* **Data provided**:
+ + + + + + +
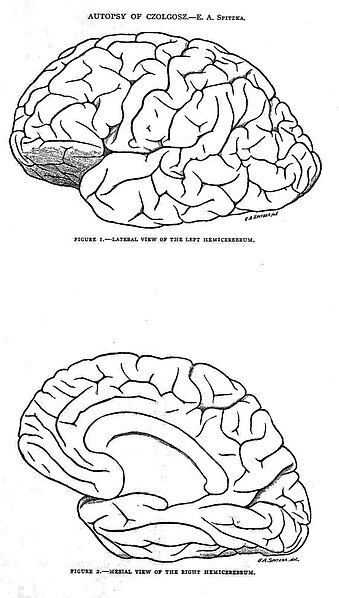 File:Autopsy drawings of brain of Leon Czolgosz.jpg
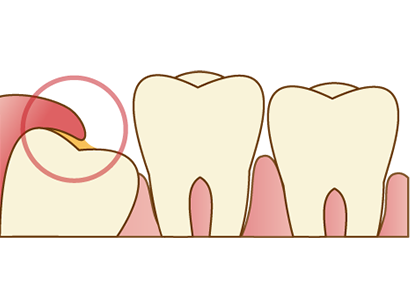 親知らずが少し出ている場合
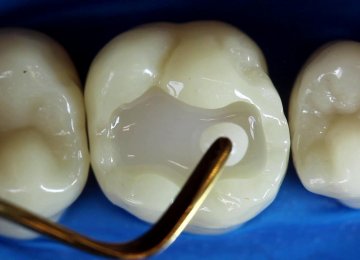 Natural Tooth Repair Method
+ + + + + + +
* **What the task requires**:
Once the pictures are set aside, output all of the data above verbatim.

* **Result of this task**:
 File:Autopsy drawings of brain of Leon Czolgosz.jpg
 親知らずが少し出ている場合
 Natural Tooth Repair Method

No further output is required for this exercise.